What do you guys think? Which is a better brand? To me, these are the two leaders in making modern high-power slingshots. What do you think the strengths and weaknesses are for each company?


----------



## smitty (Dec 17, 2009)

Well...Let me think...Saunders is involved in designing products that would appeal to young and old alike. Probably takes a lot of money to tool for new products and coming out with a nice flat-band slingshot is great.

Trumark makes slingshots that you might buy as a youngster and keep for your whole life, like the WS-1,(the best). Their RR-T tapered tubes are great for targets. I would like to see them come out with a super flat-band slingshot for adult (and young) target shooters who are serious about competition, with high quality materials. OK, so it has to be a smaller niche market, but serious shooters will pay for a serious target slingshot. I hate those clear plastic handles and cheap ammo dispensers! Just gimmicks to help sell to kids.

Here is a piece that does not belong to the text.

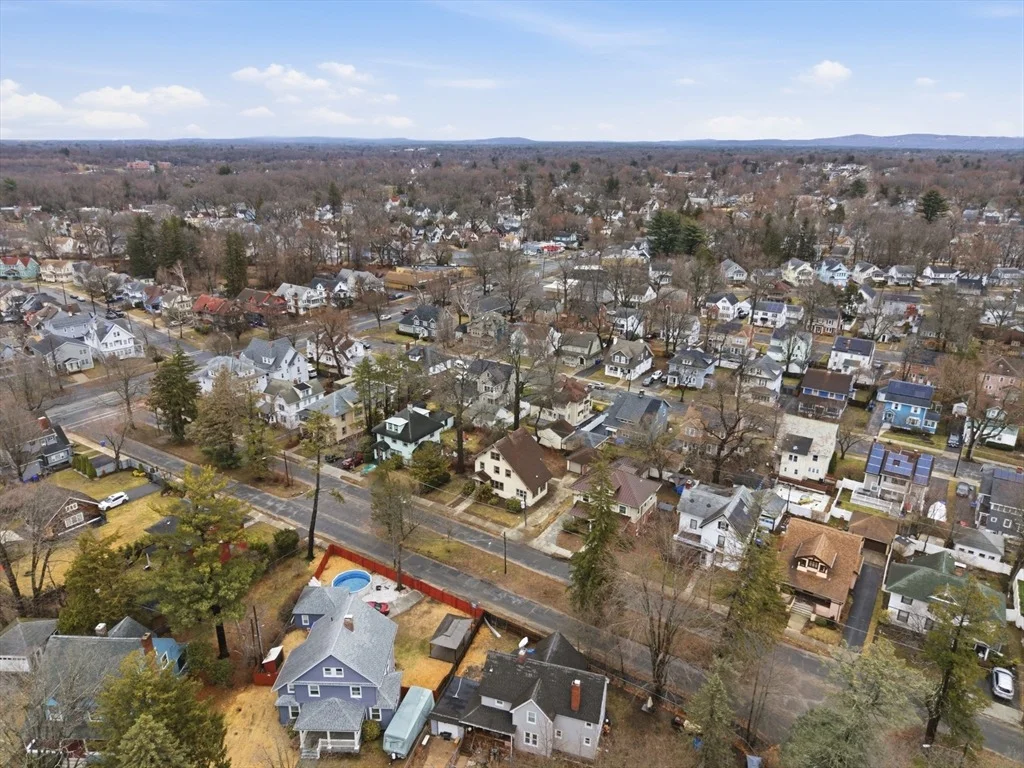 Photo of 31 Trinity Ter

It sounds like I don't like Trumark, but that's not true. I'm harder on them because I think most of their stuff is great and well designed.


----------



## mr.joel (Dec 21, 2009)

I would say Saunders makes the better product, hands down. Their designs and materials are top shelf considering their competition. I wish their bands were a little more potent, but they are extemely innovative from the cam locking band attachments to their flatbands themselves, such as the Black Mamba. Does anyone else even know of a band that is so resitant to UV rays? I wish Saunders offered different strengths in their bands however. Also, only being able to use .50 size balls is a drag, especially if the band is underpowered to begin with.

Trumark makes an acceptable model for backpacking due to its lighter construction. I would like to mate the Saunders cams to the S-1, then you'd really have something. I also don't like the plastic handle, and the aluminum forks tend to shine, which is not so good for hunting. Both of these flaws coulbe corrected by the owner, but I am hoping Trumark would take notice.


----------